- **Task prompt**: I need the lines below from the one with "Borsa OnTheGo PM" down to the one with "Posto auto coperto condominiale" reproduced exactly, both ends included, and nothing else.

┌────────

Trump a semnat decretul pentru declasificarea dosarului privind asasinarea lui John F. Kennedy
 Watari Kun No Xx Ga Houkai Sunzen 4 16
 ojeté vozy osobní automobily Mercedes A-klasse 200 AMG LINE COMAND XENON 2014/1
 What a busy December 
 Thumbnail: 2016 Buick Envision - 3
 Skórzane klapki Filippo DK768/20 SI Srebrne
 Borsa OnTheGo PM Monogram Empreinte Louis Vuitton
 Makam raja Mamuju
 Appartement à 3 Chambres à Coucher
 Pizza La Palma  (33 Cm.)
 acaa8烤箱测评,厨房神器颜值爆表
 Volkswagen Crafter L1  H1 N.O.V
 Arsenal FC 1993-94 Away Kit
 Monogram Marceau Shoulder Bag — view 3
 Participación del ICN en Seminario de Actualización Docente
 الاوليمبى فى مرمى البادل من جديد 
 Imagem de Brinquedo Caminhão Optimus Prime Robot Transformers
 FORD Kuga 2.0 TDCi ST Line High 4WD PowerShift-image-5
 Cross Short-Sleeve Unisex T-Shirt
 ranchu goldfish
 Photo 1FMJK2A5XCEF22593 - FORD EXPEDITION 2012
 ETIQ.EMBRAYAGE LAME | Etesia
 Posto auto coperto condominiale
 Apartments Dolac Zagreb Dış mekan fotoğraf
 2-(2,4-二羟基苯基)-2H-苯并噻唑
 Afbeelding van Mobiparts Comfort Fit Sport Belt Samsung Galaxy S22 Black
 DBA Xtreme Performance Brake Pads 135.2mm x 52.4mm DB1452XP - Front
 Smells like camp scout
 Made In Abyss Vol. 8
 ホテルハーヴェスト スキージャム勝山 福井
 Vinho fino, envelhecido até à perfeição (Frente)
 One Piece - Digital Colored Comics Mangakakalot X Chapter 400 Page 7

└────────

- **Exercise response**:
 Borsa OnTheGo PM Monogram Empreinte Louis Vuitton
 Makam raja Mamuju
 Appartement à 3 Chambres à Coucher
 Pizza La Palma  (33 Cm.)
 acaa8烤箱测评,厨房神器颜值爆表
 Volkswagen Crafter L1  H1 N.O.V
 Arsenal FC 1993-94 Away Kit
 Monogram Marceau Shoulder Bag — view 3
 Participación del ICN en Seminario de Actualización Docente
 الاوليمبى فى مرمى البادل من جديد 
 Imagem de Brinquedo Caminhão Optimus Prime Robot Transformers
 FORD Kuga 2.0 TDCi ST Line High 4WD PowerShift-image-5
 Cross Short-Sleeve Unisex T-Shirt
 ranchu goldfish
 Photo 1FMJK2A5XCEF22593 - FORD EXPEDITION 2012
 ETIQ.EMBRAYAGE LAME | Etesia
 Posto auto coperto condominiale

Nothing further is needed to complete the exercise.